Why are none of these really smart people talking about what the actual stakes of the recall are? All of these smart people know very well what the right-wing recall organizers from the police union and Republican donors want: more criminal prosecution and more prison. They all know that the consequence of the recall and the consequences of similar efforts across the country against relatively minor progressive reformers will be a different prosecutor who sends a lot more poor people to jail and prison and separates a lot more poor parents from their children.
But none of these smart writers with establishment liberal audiences are acknowledging these brutal policy consequences in these fancy faux-intellectual think pieces. Why? I think there are two main reasons.
First, social scientists have shown that longer sentences don't deter crime. And studies show that reducing low-level actually prosecutions *decreases* crime. And overwhelming scientific evidence shows that more prosecution doesn't fix problems of inequality. The idea that sending more people to prison would lead to less drug use, for example, is one of the most discredited ideas in the entire field, and it leads to massive harm.
These agenda-setting writers don't want to talk about actual policy because the positions they are tacitly boosting are like climate science denial: every serious scholar knows you don't solve homelessness, drug use, mental illness with more prosecution and prisons. The Atlantic, the New Yorker, New York Magazine, and the New York Times don't want that debate.
This probably explains why typical standards for journalistic rigor--fact-checking, a pretense of neutrality, basic knowledge of the subject matter, respect for evidence, attempt to allow contrary perspectives to explain their views--are dispensed with by respected publications.
Second, because they are sophisticated, these writers know they would lose their liberal card if they suggested caging people for being homeless, mentally ill, or drugs. That's what Republicans want! So, they obfuscate what they are actually proposing. The function of “think pieces” like this is to achieve same outcomes without saying quiet part out loud.

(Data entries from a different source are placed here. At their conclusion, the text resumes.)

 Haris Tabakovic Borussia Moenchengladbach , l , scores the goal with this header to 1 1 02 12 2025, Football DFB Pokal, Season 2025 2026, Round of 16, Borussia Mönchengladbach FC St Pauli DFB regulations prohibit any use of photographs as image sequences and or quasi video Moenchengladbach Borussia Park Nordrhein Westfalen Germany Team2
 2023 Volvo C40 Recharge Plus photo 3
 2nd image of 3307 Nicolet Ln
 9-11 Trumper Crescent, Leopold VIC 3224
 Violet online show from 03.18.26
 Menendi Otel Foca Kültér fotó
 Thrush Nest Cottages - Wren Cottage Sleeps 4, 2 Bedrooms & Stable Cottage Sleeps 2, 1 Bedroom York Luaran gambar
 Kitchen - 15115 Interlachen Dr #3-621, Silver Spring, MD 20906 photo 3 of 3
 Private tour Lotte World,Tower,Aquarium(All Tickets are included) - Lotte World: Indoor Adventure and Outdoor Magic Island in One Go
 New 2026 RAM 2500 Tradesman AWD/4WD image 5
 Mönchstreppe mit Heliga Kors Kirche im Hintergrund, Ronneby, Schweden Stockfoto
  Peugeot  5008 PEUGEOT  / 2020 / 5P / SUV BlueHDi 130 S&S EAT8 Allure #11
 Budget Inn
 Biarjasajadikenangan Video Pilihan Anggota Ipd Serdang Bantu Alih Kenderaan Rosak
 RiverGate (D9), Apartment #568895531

Each article is thus a good example of what I call copaganda cat nip for liberals: the function is to hide the brutality of what is actually being suggested to make people think they can still be good liberals but support massive bureaucratic state violence and science-denial. This is the key point:
That important function is why so many of these “think pieces” are published at such important moments of political consciousness around elections. A lot of people benefit from tricking well-meaning people into thinking that the problems they see in their communities don’t have root causes that need massive investments, but are instead problems that can be solved by giving more and more money to profiteering bureaucrats for more surveillance and punishment.
Ironically, these articles are therefore like fentanyl for well-educated liberals. It's like pumping a drug into their veins that gives them the momentary bliss of thinking that we don't need structural changes to make our society more equal.
But consuming stuff like this is killing all of us fast.
Saw the nail; hit it on the head. Well said; well argued. Please keep your eye out for more nails!
Are there any newspapers / magazines which reliably reach the level of journalistic rigor you're describing? Is there no hope for finding that kind of standard in the industry today?